La literatura puede ser espesa, barroca, intrincada y demostrar el obnubilante ingenio del un creador de mundos.
O puede ser simple, directa y transparente.
Hay gustos para todos los colores, y viceversa. Yo pasé por épocas, y de eso me doy cuenta ahora que soy capaz de analizar el estilo de cada autor que he leído y, por tanto, me ha influido como escritora.
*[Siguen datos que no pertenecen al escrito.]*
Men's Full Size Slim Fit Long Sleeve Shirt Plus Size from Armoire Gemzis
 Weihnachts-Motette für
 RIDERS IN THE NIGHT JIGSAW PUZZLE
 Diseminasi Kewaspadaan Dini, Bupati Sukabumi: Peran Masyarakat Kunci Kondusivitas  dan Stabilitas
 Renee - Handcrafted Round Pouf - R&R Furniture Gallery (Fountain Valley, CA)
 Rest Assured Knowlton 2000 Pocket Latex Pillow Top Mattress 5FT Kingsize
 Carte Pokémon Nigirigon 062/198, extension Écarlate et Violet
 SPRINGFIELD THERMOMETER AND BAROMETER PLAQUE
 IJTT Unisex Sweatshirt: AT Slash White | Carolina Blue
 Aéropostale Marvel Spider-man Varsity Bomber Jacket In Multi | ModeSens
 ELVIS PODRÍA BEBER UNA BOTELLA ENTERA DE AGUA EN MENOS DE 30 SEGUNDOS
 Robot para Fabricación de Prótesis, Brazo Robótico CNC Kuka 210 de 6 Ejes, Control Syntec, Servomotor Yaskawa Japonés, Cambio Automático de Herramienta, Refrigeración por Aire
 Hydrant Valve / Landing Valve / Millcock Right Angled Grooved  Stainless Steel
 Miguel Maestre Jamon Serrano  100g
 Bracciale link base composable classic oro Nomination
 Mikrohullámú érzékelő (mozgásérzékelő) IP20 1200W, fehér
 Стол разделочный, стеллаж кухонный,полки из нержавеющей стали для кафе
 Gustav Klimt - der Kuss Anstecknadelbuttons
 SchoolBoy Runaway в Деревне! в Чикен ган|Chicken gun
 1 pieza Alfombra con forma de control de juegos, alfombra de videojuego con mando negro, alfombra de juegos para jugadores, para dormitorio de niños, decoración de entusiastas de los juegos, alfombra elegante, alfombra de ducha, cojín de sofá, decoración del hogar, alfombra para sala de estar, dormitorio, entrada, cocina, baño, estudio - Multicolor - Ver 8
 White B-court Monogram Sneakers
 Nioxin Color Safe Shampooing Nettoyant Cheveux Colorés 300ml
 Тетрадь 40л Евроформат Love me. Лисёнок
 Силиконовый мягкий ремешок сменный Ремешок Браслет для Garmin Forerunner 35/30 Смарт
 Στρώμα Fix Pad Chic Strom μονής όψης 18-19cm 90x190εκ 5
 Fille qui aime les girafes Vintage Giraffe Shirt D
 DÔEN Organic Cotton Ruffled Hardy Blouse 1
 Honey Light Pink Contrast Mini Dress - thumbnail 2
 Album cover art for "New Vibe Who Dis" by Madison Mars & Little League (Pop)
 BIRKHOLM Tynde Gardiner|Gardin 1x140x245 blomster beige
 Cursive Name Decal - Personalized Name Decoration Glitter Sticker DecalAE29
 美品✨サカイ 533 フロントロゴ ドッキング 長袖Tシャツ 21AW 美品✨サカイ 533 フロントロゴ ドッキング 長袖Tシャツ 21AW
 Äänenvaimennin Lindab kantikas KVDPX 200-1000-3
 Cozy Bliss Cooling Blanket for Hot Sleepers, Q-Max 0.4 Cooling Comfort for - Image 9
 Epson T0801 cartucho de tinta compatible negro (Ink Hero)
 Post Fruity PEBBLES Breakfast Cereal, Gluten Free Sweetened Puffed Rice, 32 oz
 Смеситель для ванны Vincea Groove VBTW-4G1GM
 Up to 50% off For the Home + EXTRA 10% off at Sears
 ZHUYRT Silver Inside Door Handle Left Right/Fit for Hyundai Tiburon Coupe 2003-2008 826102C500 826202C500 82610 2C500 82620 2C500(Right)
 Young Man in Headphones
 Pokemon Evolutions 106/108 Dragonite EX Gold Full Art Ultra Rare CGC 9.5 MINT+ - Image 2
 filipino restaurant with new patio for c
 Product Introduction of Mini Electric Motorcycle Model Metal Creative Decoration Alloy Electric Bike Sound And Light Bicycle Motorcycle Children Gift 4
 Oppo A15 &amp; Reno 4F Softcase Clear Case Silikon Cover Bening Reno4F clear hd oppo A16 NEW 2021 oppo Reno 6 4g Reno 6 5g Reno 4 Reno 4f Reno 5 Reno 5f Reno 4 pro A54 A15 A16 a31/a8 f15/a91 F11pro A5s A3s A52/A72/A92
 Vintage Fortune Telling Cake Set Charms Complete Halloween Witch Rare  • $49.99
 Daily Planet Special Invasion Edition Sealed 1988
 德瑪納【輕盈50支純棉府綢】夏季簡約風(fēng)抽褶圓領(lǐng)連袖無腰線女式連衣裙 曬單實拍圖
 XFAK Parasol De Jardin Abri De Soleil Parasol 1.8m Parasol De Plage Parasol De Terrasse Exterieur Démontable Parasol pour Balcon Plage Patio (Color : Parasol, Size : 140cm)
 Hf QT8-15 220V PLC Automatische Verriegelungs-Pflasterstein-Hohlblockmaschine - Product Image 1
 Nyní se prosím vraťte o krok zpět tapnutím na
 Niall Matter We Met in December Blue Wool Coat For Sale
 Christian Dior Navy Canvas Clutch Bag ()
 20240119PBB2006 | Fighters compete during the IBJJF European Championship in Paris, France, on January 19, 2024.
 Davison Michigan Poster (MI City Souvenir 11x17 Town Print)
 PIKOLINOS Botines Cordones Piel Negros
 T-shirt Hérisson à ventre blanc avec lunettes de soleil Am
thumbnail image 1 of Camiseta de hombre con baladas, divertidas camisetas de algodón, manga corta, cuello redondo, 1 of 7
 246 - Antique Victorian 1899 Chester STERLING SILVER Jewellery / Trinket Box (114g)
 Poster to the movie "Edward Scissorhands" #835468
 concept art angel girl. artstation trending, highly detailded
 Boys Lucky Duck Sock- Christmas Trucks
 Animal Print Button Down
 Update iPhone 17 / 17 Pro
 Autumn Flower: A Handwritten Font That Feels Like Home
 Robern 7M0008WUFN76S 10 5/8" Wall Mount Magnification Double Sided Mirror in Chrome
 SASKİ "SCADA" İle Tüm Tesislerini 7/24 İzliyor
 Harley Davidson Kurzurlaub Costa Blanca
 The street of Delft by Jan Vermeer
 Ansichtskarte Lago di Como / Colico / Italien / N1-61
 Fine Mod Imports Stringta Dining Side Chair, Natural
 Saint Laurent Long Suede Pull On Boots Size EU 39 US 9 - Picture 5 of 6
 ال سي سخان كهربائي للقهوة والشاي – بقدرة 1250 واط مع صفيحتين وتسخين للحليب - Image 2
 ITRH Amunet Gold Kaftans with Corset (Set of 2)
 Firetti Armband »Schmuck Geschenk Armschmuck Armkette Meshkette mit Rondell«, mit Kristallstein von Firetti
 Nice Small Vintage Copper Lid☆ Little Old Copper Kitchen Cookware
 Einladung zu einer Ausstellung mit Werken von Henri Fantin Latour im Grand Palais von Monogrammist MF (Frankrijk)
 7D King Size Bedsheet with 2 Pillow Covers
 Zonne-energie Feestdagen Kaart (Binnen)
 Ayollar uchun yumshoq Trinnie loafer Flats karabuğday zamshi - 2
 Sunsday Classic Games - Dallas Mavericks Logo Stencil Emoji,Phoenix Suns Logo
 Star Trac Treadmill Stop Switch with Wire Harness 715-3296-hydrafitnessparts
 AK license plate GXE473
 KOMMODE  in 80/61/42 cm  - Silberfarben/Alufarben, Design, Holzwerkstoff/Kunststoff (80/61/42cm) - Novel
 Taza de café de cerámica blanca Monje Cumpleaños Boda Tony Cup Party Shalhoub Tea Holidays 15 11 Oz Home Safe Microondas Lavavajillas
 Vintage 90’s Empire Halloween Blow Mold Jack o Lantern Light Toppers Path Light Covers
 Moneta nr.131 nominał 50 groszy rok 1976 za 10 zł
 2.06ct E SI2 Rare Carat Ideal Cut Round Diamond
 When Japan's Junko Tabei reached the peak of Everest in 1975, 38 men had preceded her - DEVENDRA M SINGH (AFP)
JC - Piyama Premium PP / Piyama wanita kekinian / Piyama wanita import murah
Por ejemplo, a los once años empecé a leer a Laura Gallego y a Carlos Ruiz Zafón que tienen un estilo que ahora considero rebuscado, con mucha adjetivación y frases laaaarguísimas llenas de subordinadas. Entonces me gustaba eso y, obviamente, lo copiaba cuando escribía en un alarde de autocomplacencia. Mis amigas me decían que parecía un diccionario porque jugaba a aprender palabras rarísimas y utilizarlas en cuanto pudiese, aunque fuera con calzador. Imaginaos:
—Me encanta el olor que hay después de que llueva— decía Maripili.
—¿A que sí? El petricor me lleva a la ataraxia— contestaba yo, así como quien no quiere la cosa, mirando de reojo y con una satisfacción inmensa, casi condescendiente.
Luego se me pasó, por suerte, y dejé de ser ese espanto repipi y profundamente pedante. Eso, o que empecé a fingir que no lo era con más o menos talento.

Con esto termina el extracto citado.